Work instruction: The response must contain each line of the material that holds "microskirt".

Exercise input:
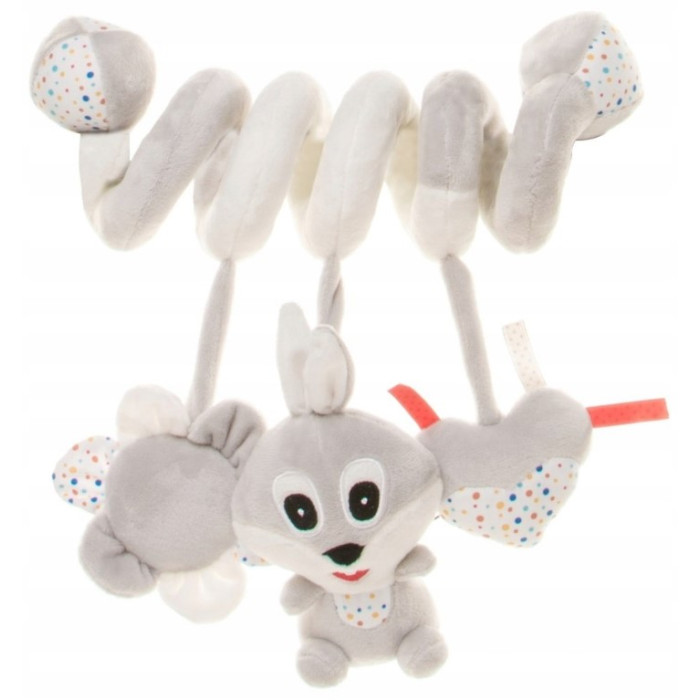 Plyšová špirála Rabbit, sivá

--

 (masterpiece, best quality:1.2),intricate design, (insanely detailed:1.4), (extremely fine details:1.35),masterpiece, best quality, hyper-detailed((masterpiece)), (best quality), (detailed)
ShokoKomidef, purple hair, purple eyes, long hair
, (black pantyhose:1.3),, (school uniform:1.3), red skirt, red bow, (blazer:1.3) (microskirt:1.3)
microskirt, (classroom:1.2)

Problem solution:
, (black pantyhose:1.3),, (school uniform:1.3), red skirt, red bow, (blazer:1.3) (microskirt:1.3)
microskirt, (classroom:1.2)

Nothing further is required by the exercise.